Please copy the records exactly as they appear, with all pictures left out.

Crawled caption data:
==*==
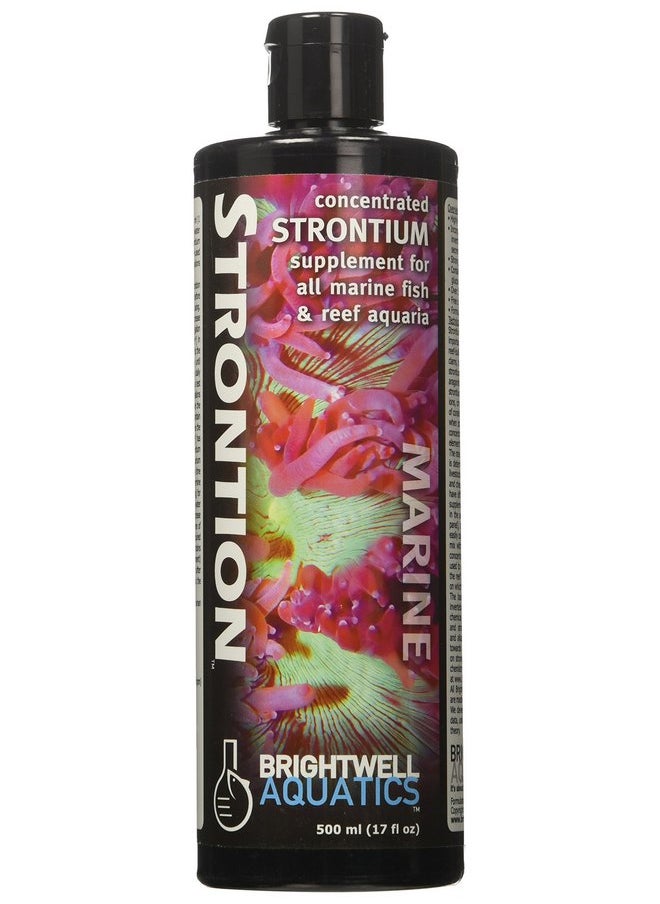 Brightwell Aquatics - Brightwell Aquatics Strontion Concentrated Strontium Supplement for All Marine Aquariums, 500-ML (STR500) - Image 1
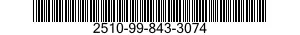 2510-99-843-3074 BADGE,RADIATOR GRIL 2510998433074 998433074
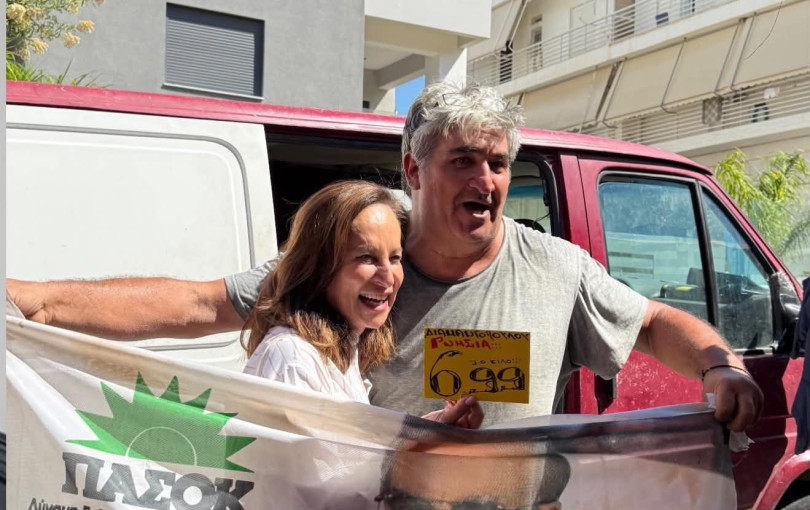 Η διπλή χαρά της Διαμαντοπούλου στην λαϊκή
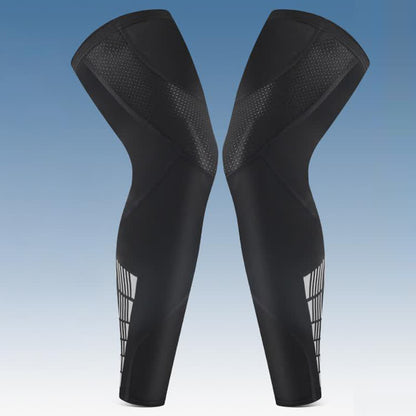 Reflective Non-slip Cycling Compression Thigh Sleeves - Black - 2XL - image 8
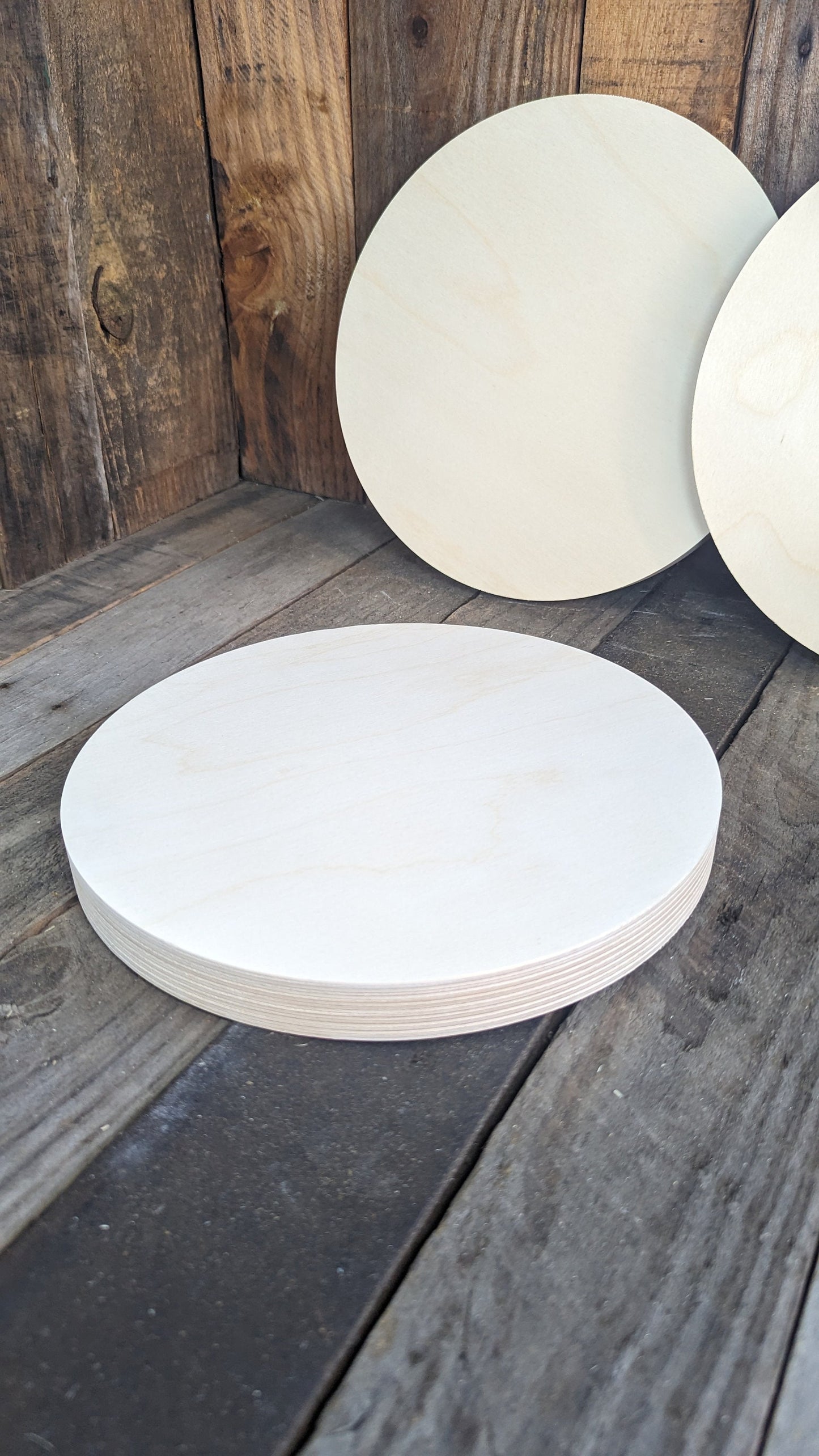 10&quot; Wood Circle Disc Plaques, BALTIC BIRCH Wooden Circles, Blank Circles, Unfinished Wooden Circles, Round Circles, DIY Crafting Supplies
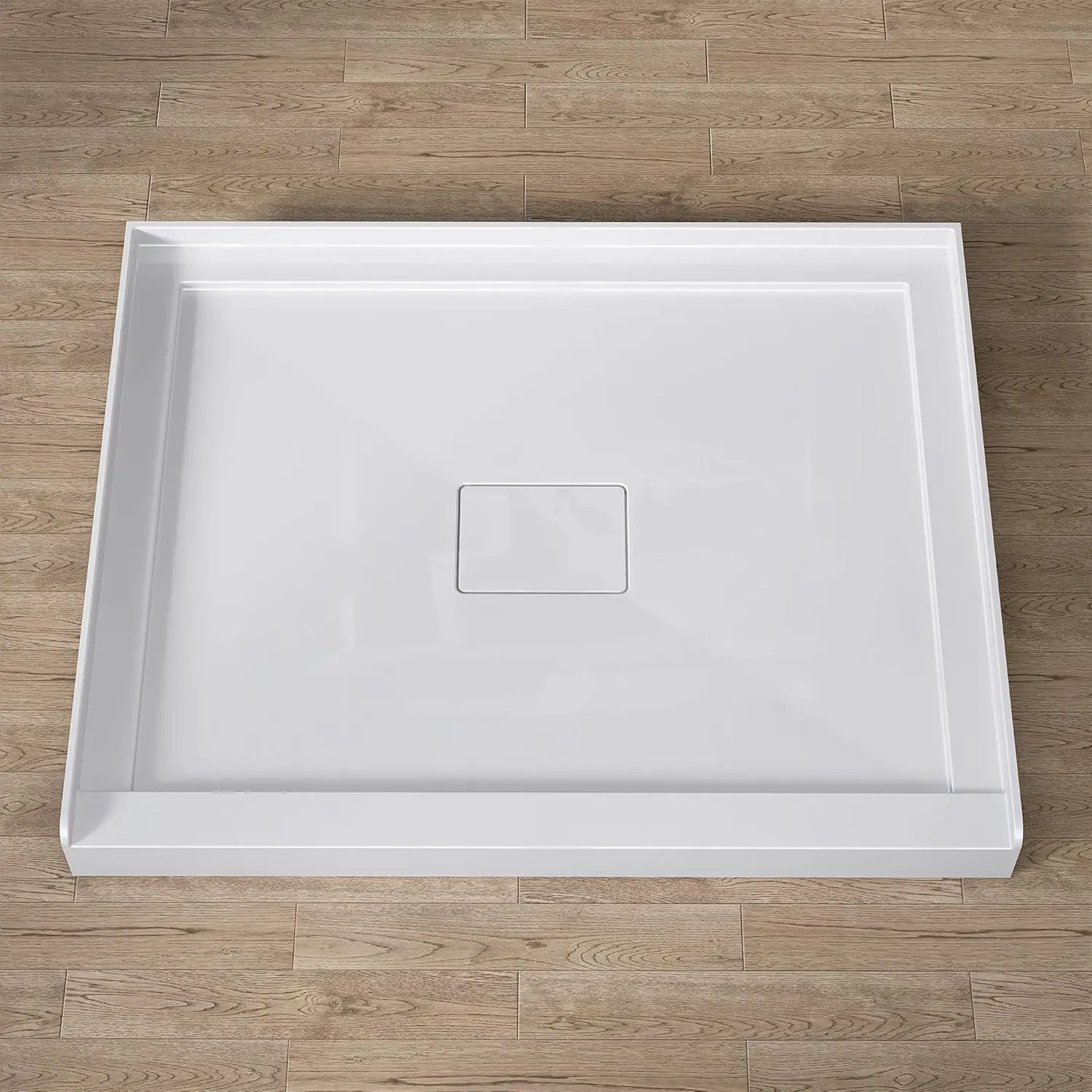 Shower Pan Base 42 in. L x 34 in. W Center Drain Single Threshold Shower Pan, White Acrylic Rectangle Shower Floor Base for Bath
Shower Pan Base 42 in. L x 34 in. W Center Drain Single Threshold Shower Pan, White Acrylic Rectangle Shower Floor Base for Bath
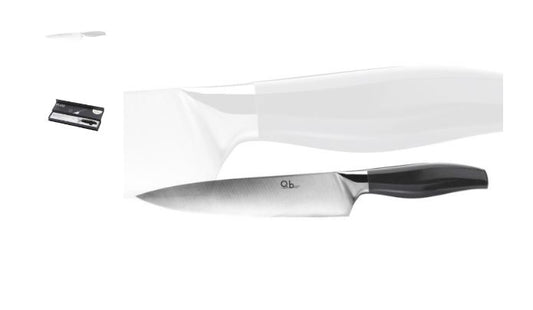 FLUO COLTELLO CHEF ACCIAIO MANICO BLACK 20 CM QB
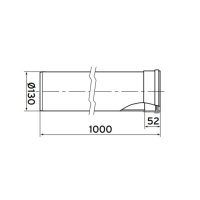 Protherm rurka predlzovacia 130mm - 1 m  T30K-1000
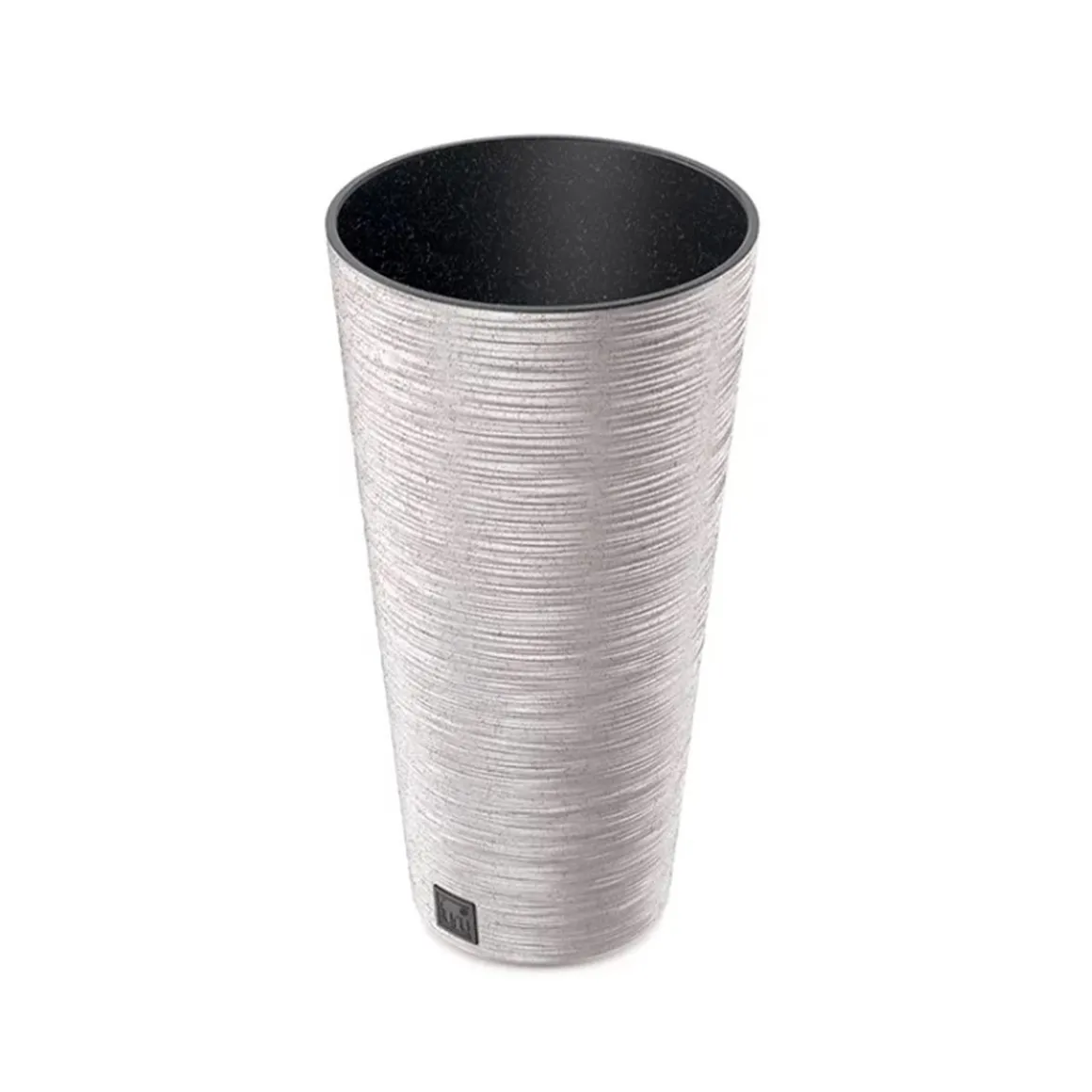 Floreira FURU eco wood branca 48cm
==*==
Solution to this problem:
 Brightwell Aquatics - Brightwell Aquatics Strontion Concentrated Strontium Supplement for All Marine Aquariums, 500-ML (STR500) - Image 1
 2510-99-843-3074 BADGE,RADIATOR GRIL 2510998433074 998433074
 Η διπλή χαρά της Διαμαντοπούλου στην λαϊκή
 Reflective Non-slip Cycling Compression Thigh Sleeves - Black - 2XL - image 8
 10&quot; Wood Circle Disc Plaques, BALTIC BIRCH Wooden Circles, Blank Circles, Unfinished Wooden Circles, Round Circles, DIY Crafting Supplies
 Shower Pan Base 42 in. L x 34 in. W Center Drain Single Threshold Shower Pan, White Acrylic Rectangle Shower Floor Base for Bath
Shower Pan Base 42 in. L x 34 in. W Center Drain Single Threshold Shower Pan, White Acrylic Rectangle Shower Floor Base for Bath
 FLUO COLTELLO CHEF ACCIAIO MANICO BLACK 20 CM QB
 Protherm rurka predlzovacia 130mm - 1 m  T30K-1000
 Floreira FURU eco wood branca 48cm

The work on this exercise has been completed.